**Problem to work on**
Could you print, exactly and without pictures, only the lines from the one with "Lustre d'escalier moderne" through the end of the records below?

***** The data

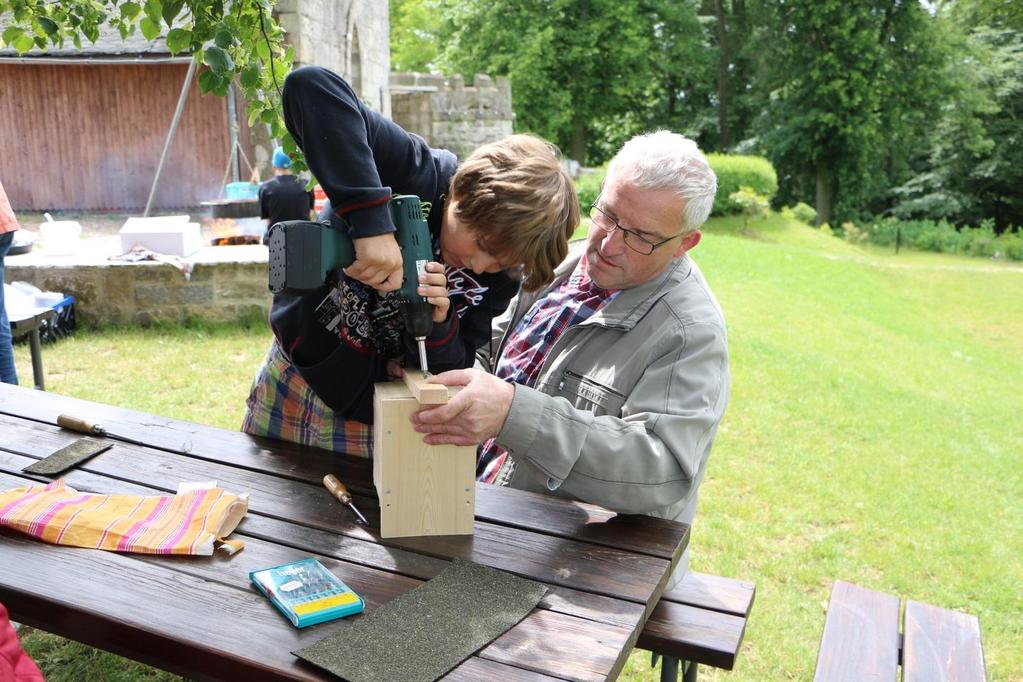 Gemeinsam Nistkästen bauen mit Besuchern der Tagesstätte Bad Salzungen Im Haus für ältere Bürger in Trusetal haben Schüler der 9.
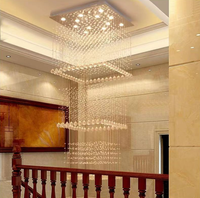 Lustre d'escalier moderne de luxe en cristal nordique avec installation professionnelle, haute luminosité et installation facile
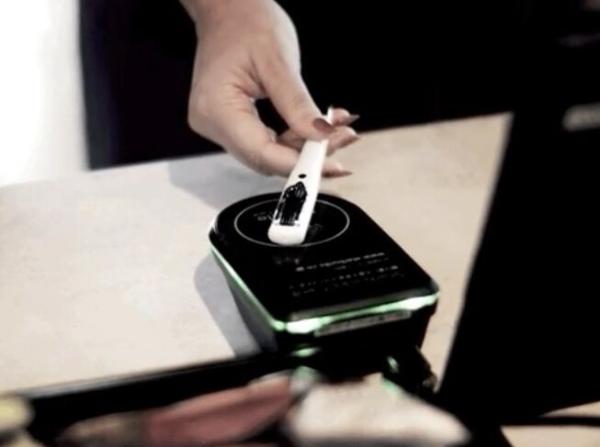 星巴克要在日本卖钢笔，内置NFC钱包买咖啡可刷笔支付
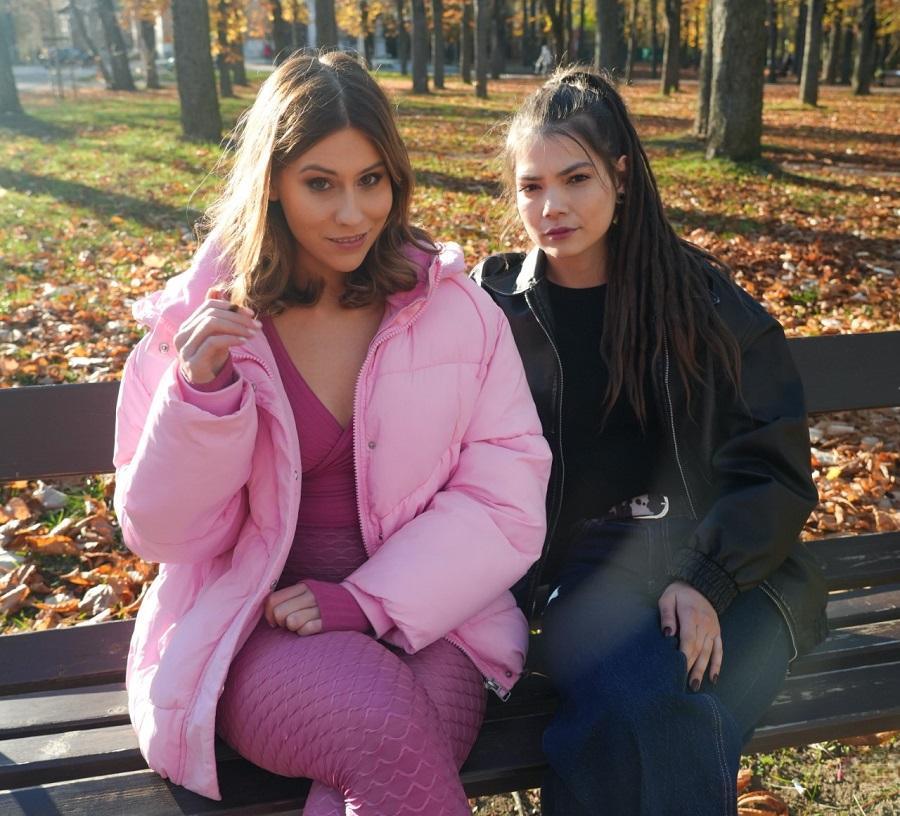 Мужик пытается подцепить в парке девчонок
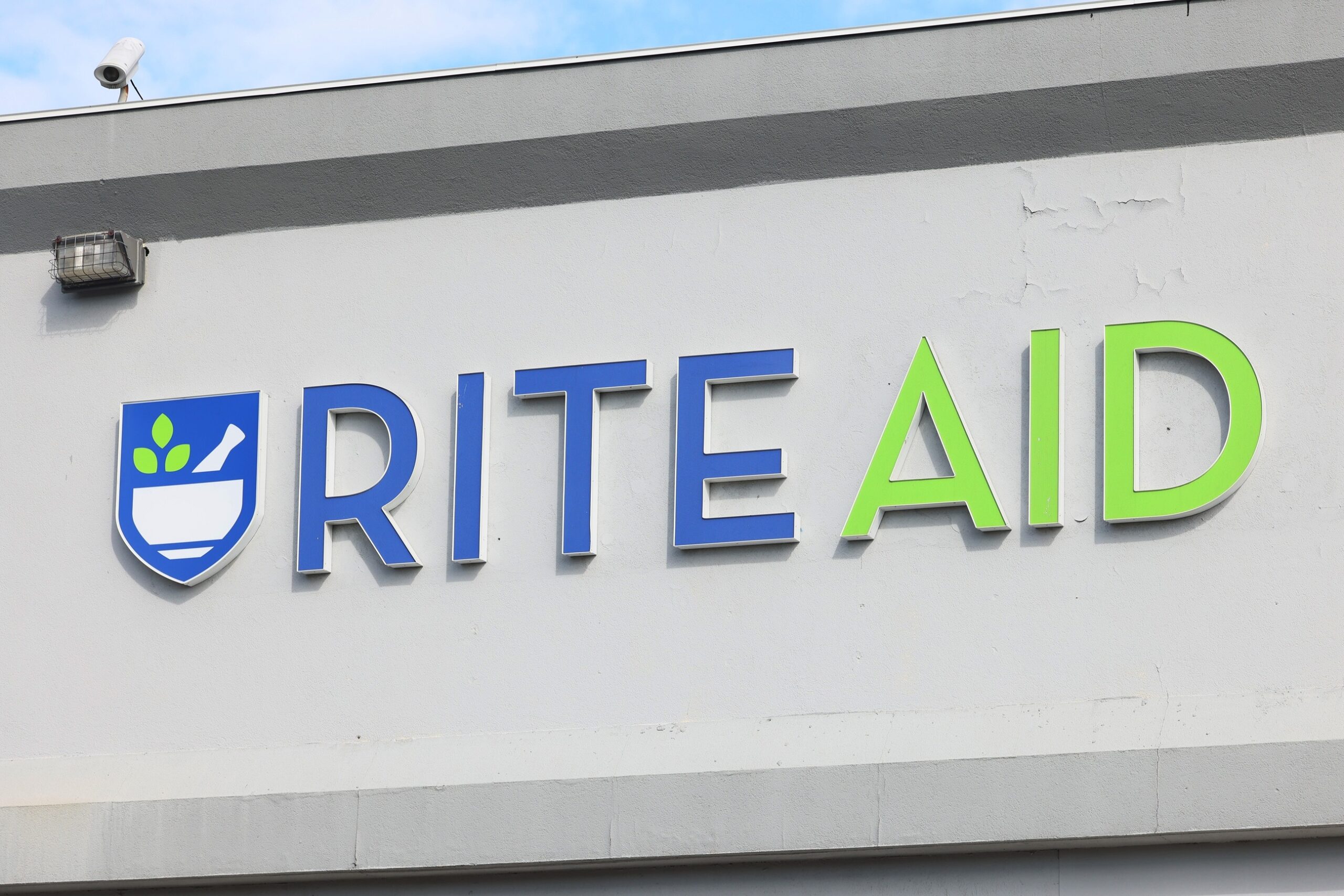 Rite AID to close all stores throughout the country in the middle of the second bankruptcy presentation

**********

**Result below**
 Lustre d'escalier moderne de luxe en cristal nordique avec installation professionnelle, haute luminosité et installation facile
 星巴克要在日本卖钢笔，内置NFC钱包买咖啡可刷笔支付
 Мужик пытается подцепить в парке девчонок
 Rite AID to close all stores throughout the country in the middle of the second bankruptcy presentation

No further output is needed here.